◆ **Supplied material**
= Beginning of Section =
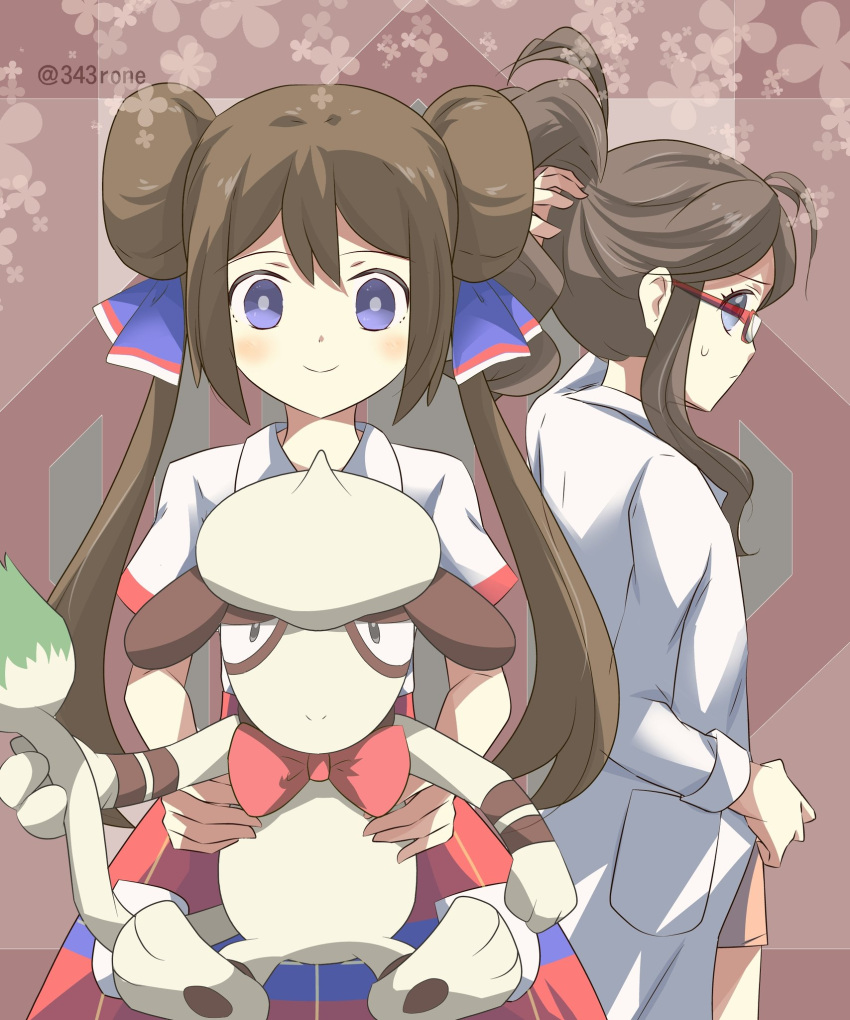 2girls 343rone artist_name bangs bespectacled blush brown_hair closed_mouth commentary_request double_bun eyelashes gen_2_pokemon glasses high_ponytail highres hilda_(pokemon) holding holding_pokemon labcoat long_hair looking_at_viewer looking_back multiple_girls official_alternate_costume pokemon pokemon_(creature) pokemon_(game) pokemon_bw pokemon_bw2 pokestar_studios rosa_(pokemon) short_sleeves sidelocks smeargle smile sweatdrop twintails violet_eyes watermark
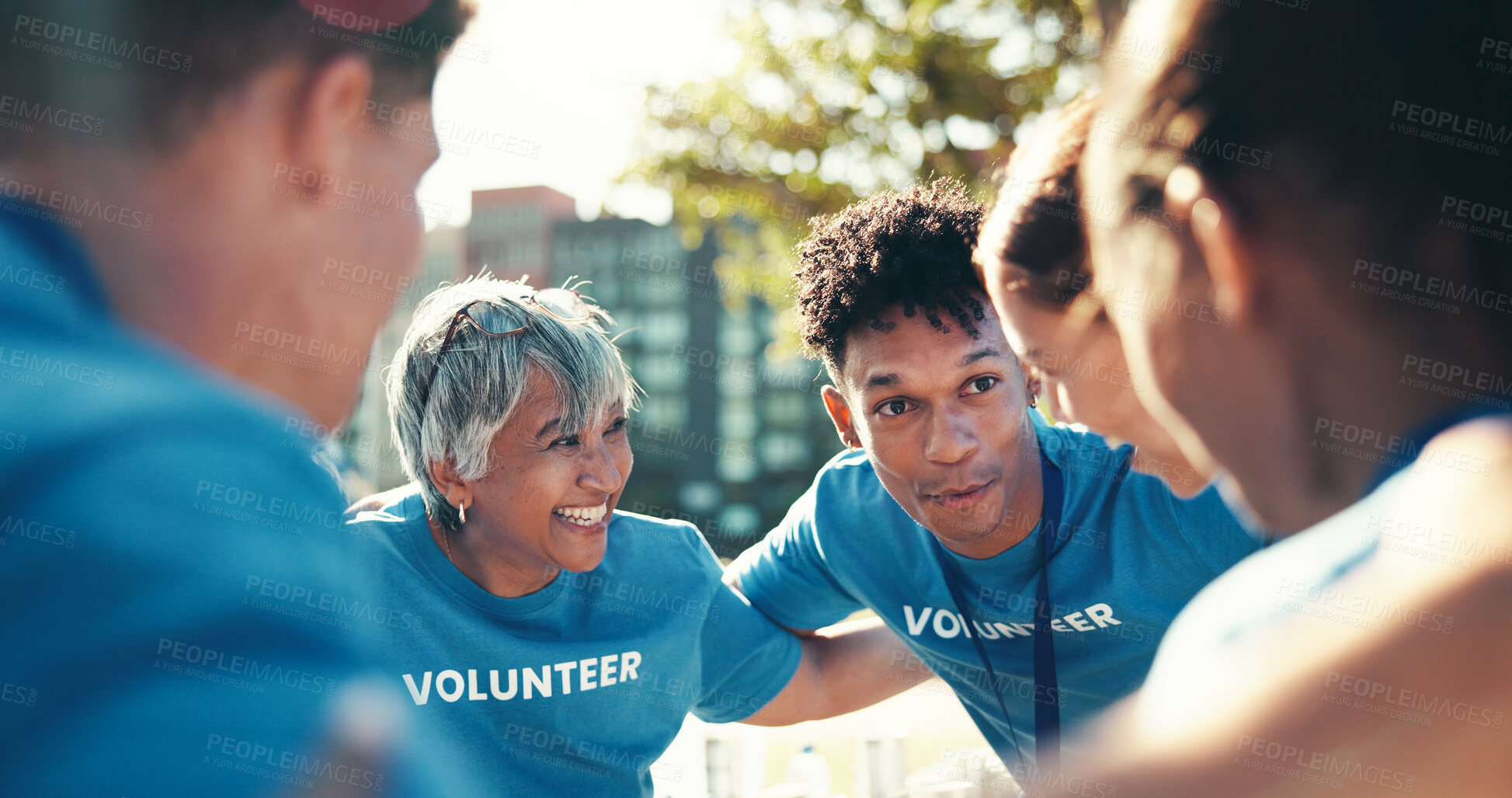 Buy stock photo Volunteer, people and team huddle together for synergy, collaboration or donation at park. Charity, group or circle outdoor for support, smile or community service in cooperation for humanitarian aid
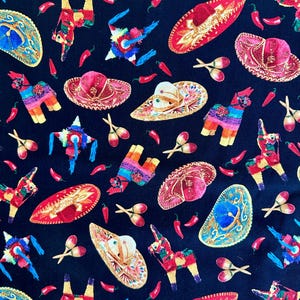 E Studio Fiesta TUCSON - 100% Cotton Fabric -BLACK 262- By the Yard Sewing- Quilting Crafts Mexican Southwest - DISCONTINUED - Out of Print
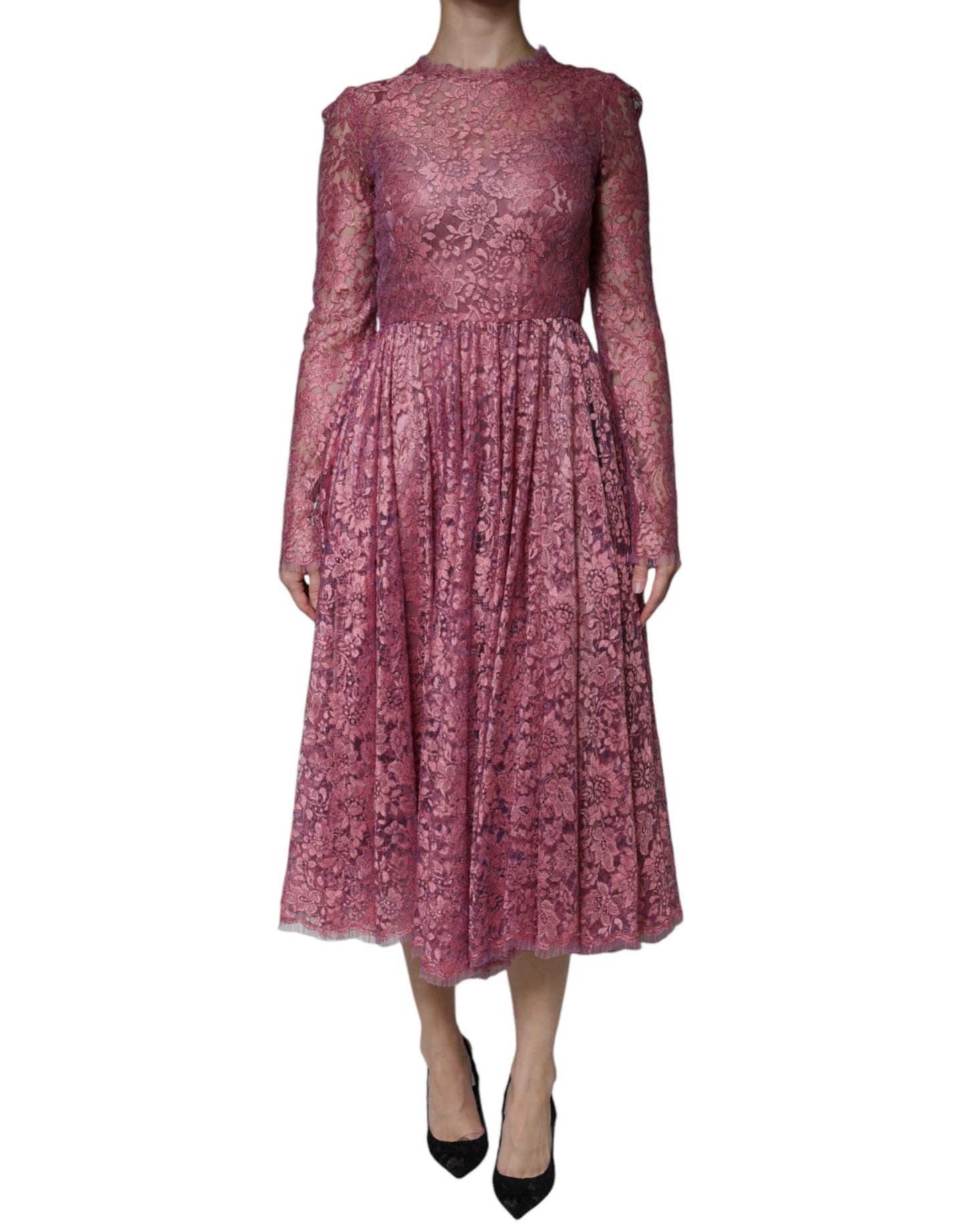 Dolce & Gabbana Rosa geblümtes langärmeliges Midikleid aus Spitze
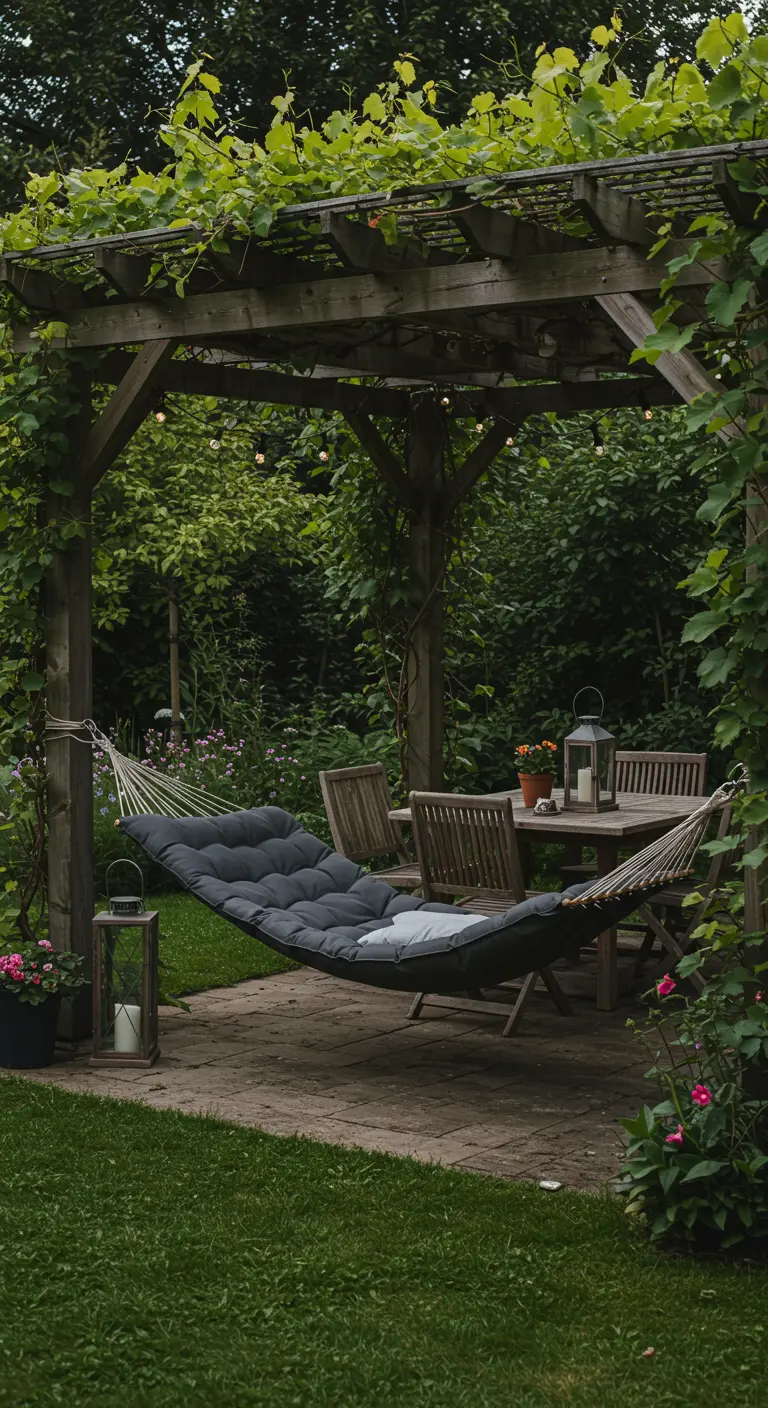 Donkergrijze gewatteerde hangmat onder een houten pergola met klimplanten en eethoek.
= End of Section =
= Beginning of Section =
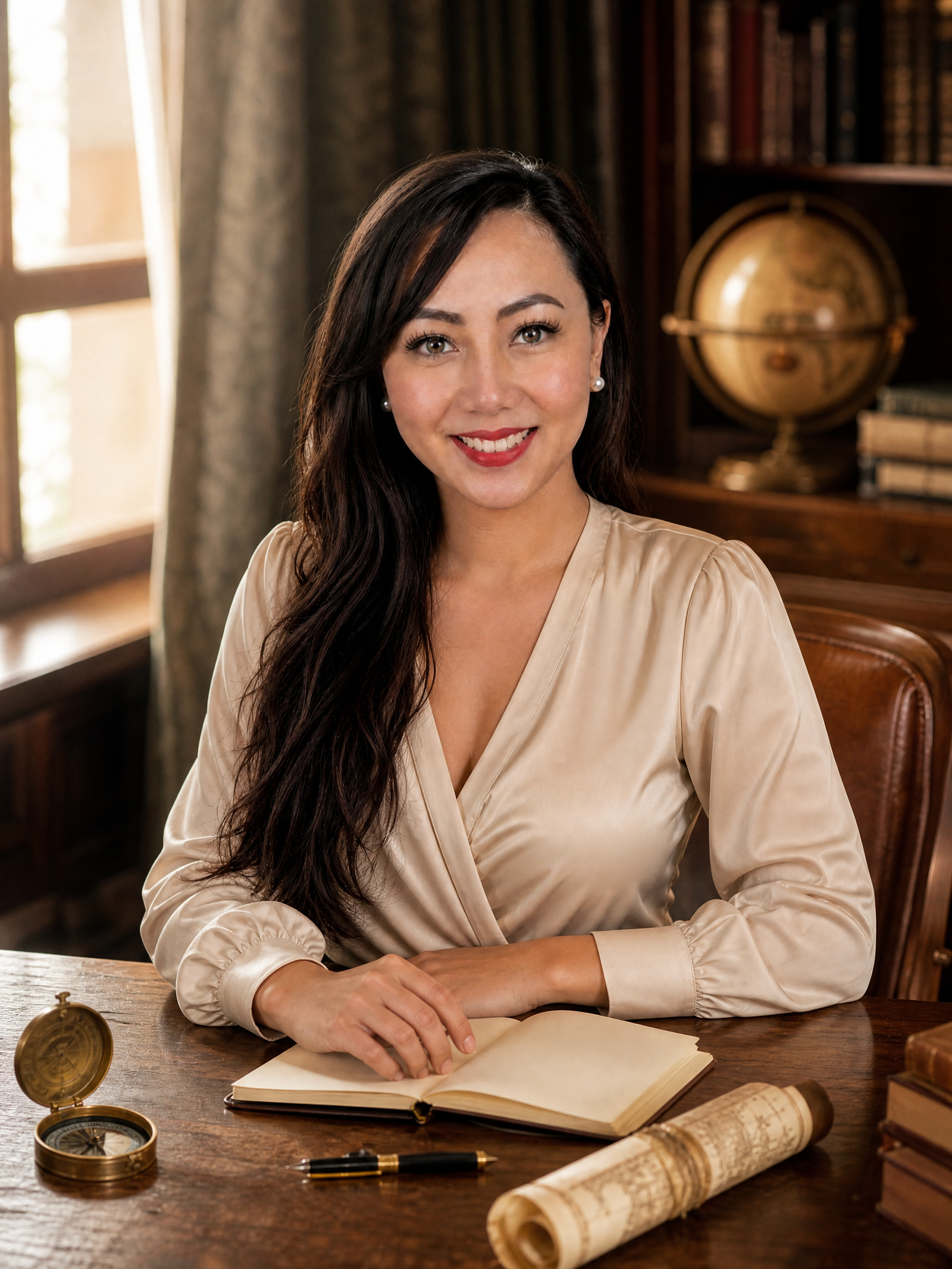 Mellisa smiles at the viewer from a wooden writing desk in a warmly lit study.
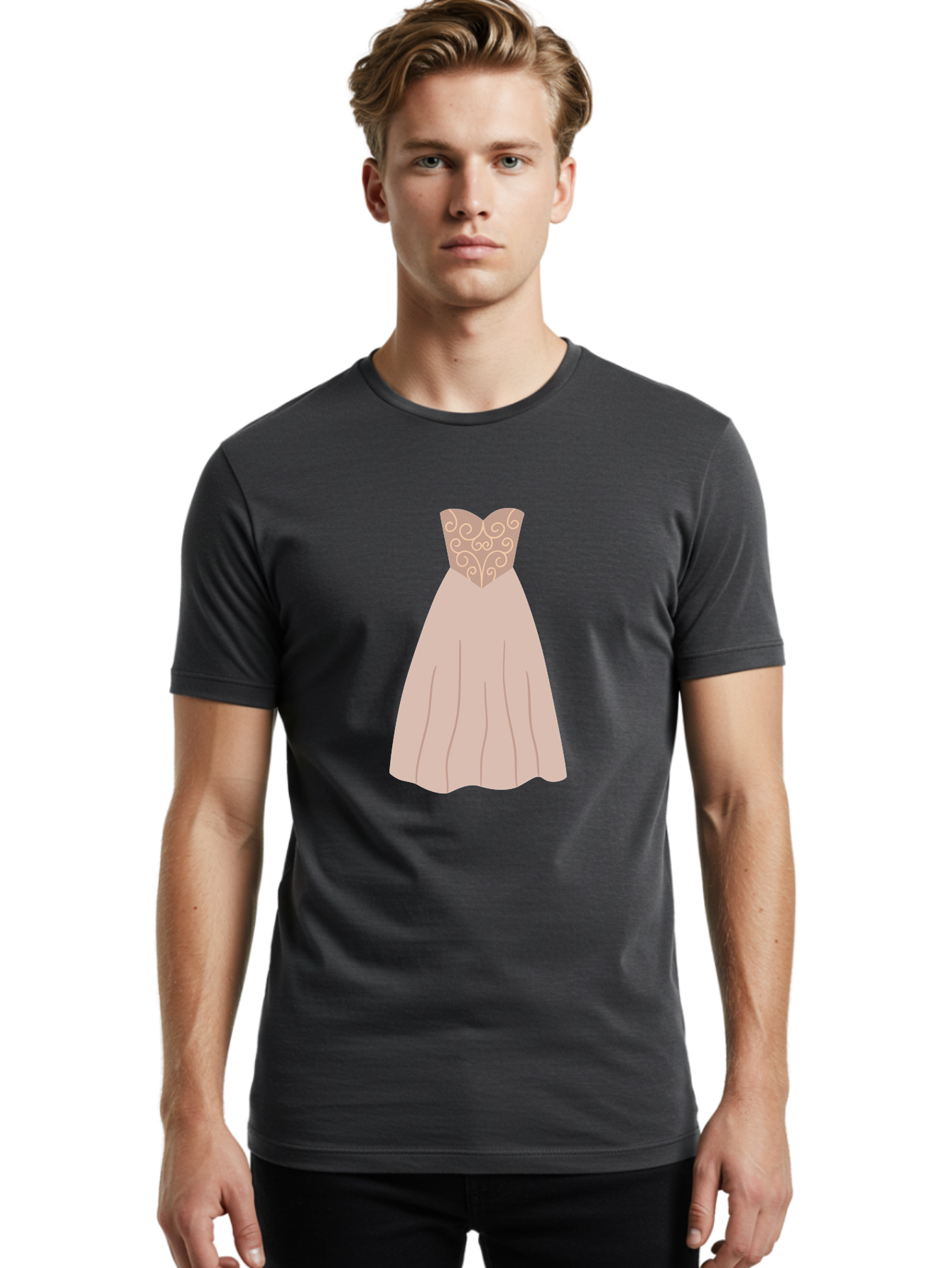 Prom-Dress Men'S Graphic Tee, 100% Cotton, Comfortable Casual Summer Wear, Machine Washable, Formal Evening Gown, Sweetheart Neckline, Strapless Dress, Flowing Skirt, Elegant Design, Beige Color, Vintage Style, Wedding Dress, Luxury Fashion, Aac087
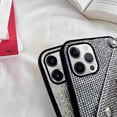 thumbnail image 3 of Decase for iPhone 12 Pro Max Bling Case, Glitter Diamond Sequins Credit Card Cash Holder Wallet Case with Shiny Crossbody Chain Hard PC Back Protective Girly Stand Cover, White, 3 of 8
= End of Section =
= Beginning of Section =
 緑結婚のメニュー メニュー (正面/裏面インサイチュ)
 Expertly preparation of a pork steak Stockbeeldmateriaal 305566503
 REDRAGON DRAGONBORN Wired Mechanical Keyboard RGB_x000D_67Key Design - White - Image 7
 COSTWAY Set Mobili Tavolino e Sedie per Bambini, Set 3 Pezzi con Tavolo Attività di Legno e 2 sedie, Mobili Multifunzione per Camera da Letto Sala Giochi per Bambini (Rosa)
= End of Section =
◆ **What needs to be done**
Return exactly the lines that appear in the data above between the line containing "2girls 343rone artist_name" and the line containing "Donkergrijze gewatteerde hangmat", both of which are included, and leave the pictures out.

◆ **Output for this exercise**
 2girls 343rone artist_name bangs bespectacled blush brown_hair closed_mouth commentary_request double_bun eyelashes gen_2_pokemon glasses high_ponytail highres hilda_(pokemon) holding holding_pokemon labcoat long_hair looking_at_viewer looking_back multiple_girls official_alternate_costume pokemon pokemon_(creature) pokemon_(game) pokemon_bw pokemon_bw2 pokestar_studios rosa_(pokemon) short_sleeves sidelocks smeargle smile sweatdrop twintails violet_eyes watermark
 Buy stock photo Volunteer, people and team huddle together for synergy, collaboration or donation at park. Charity, group or circle outdoor for support, smile or community service in cooperation for humanitarian aid
 E Studio Fiesta TUCSON - 100% Cotton Fabric -BLACK 262- By the Yard Sewing- Quilting Crafts Mexican Southwest - DISCONTINUED - Out of Print
 Dolce & Gabbana Rosa geblümtes langärmeliges Midikleid aus Spitze
 Donkergrijze gewatteerde hangmat onder een houten pergola met klimplanten en eethoek.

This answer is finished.